Bien plus qu’une « touche féminine » ou qu’un « élément décoratif », qualificatifs qui lui collait aux pétales jusque-là, la fleur apporte avec ses couleurs et ses saveurs une vraie plus-value gustative et nutritionnelle aux mets qui l’accompagnent. Au-delà de leur faible apport calorique, leurs pigments colorés renferment entre autres des caroténoïdes – provitamine A – qui protègent nos cellules contre les agressions et le vieillissement, et des anthocyanes – vitamine P – qui facilitent la circulation sanguine. L’air de rien, calendulas, capucines, violettes et autres pâquerettes se sont ainsi faits une place bien à elles sur les étals des marchés, au point de faire de l’ombre aux herbes aromatiques dans les cuisines.
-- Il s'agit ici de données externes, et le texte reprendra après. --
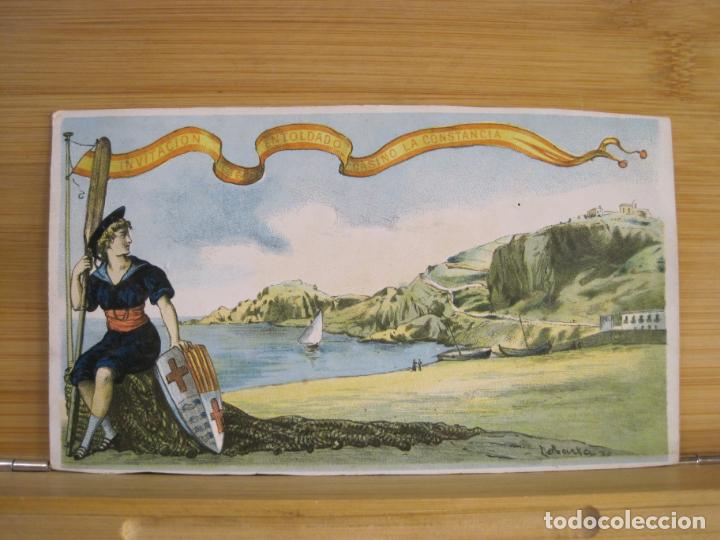 Altri oggetti di carta: SANT FELIU DE GUIXOLS-A&Ntilde;O 1880-INVITACION ENTOLDADO CASINO DE LA CONSTANCIA-VER FOTOS-(K-9302)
Car à l’instar du basilic, de la menthe ou de l’aneth, les fleurs, avec leur caractère bien défini, viennent apporter, hormis l’effet wow, un je-ne-sais-quoi de plus côté saveurs, s’inscrivant parmi la liste des ingrédients d’une recette à part entière. Le calendula par exemple, au goût légèrement piquant, relève les salades, les taboulés et donne la couleur du safran aux sauces qu’elle côtoie. La capucine et sa saveur poivrée, proche de celle du cresson, apporte du peps aux omelettes tandis que le bégonia et son goût légèrement acidulé permet de remplacer le citron dans un plat de poisson. La lavande quant à elle, utilisée à petites doses, rappelle le goût du romarin en venant délicatement parfumer les volailles rôties. Et comme la rose, dont on connaît déjà les sorbets et pâtisseries aromatisées, la violette, riche en provitamines A et C, est par exemple parfaite à l’heure du dessert, notamment dans les crèmes brûlées, mais aussi pour parfumer le vinaigre de vin blanc, les sirops et les gelées.
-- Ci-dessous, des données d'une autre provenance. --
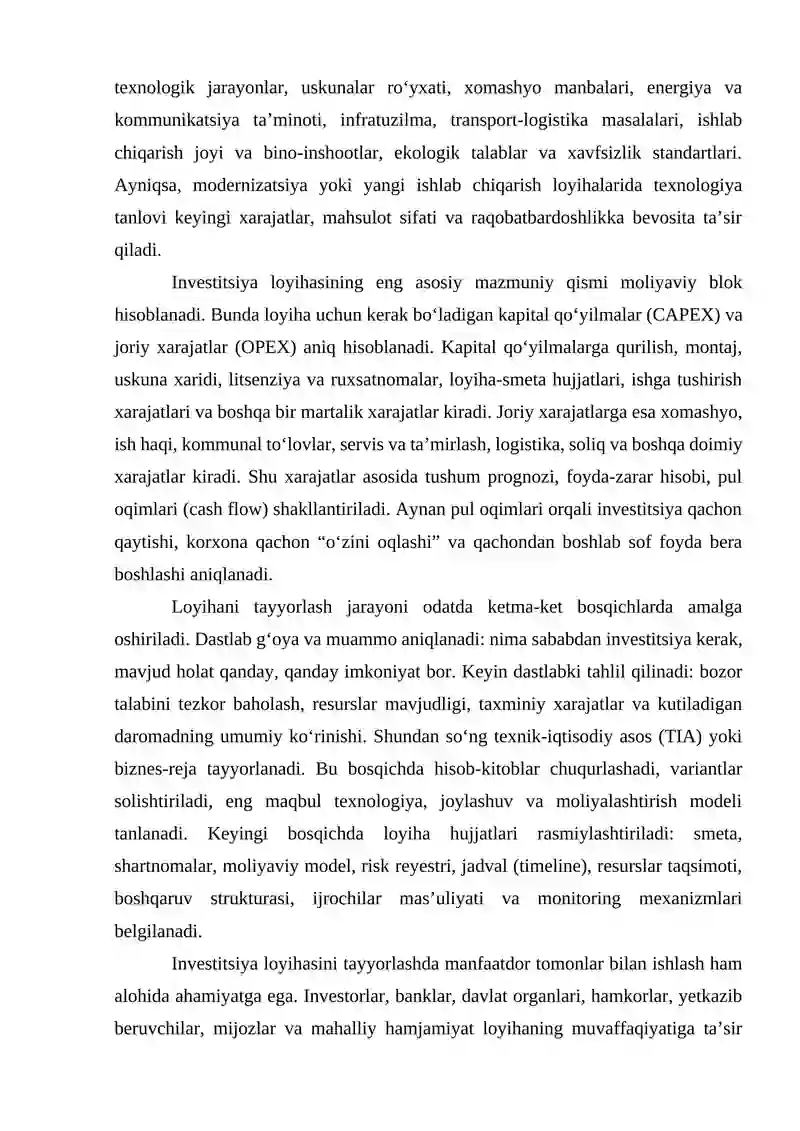 Investitsiya loyihalarini tayyorlash va tahlil qilish 3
Et puis il y a ces fleurs plus originales encore, qui font mouche dans les soirées… Adepte de saucisson à l’heure où l’on sort le rosé et où le soleil redescend vers l’horizon ? Partez donc à la cueillette de quelques Germandrée tomenteuse, une plante étonnante qui sent fort la cochonnaille. Si vous êtes plutôt adepte de fruits de mer et de vin blanc les pieds dans le sable, plantez quelques semences de Mertensia Maritima dont l’appellation à elle seule donne le ton. Son fort goût d’huître ne vous laissera pas indifférent… Et puis il y a ma dernière découverte, la plante-fromage. Rare mais de moins en moins. Ses feuilles vous rappelleront le goût fort et prononcé du camembert coulant, celui dont on décèle immédiatement la présence et dont l’odeur « embaume » notre réfrigérateur des semaines durant… Un petit choc pour les papilles sur lesquelles la légèreté d’une délicate feuille ne préparait en rien à cette détonation de saveurs.
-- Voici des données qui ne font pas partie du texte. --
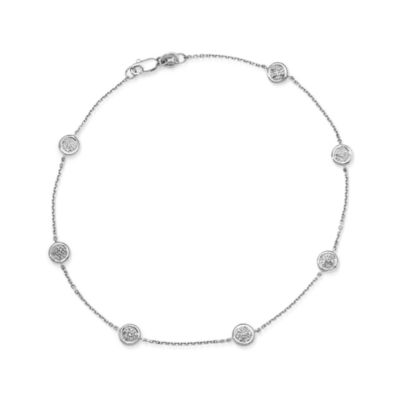 .20 ct. t.w.  Pave Diamond Anklet In 14kt White Gold 9.5" &mdash; Alt Image 1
Bien sûr, comme pour les champignons, ne vous lancez pas dans la dégustation de fleurs sans vous munir d’un guide botanique. Oubliez les fleurs fanées, cueillez-les le matin et rincez-les simplement sous un filet d’eau… Évitez également les fleurs du bord des routes et les fleurs traitées – n’allez donc pas faire vos emplettes chez votre fleuriste. Si toutefois vous hésitiez encore à croquer les fleurs à pleines dents, débutez la découverte par petites touches, avec un cocktail au sirop de fleurs de Sureau, un beignet de fleur de courgette farcie ou une crêpe aromatisée à la fleur d’oranger… De quoi savourer pleinement la beauté du printemps.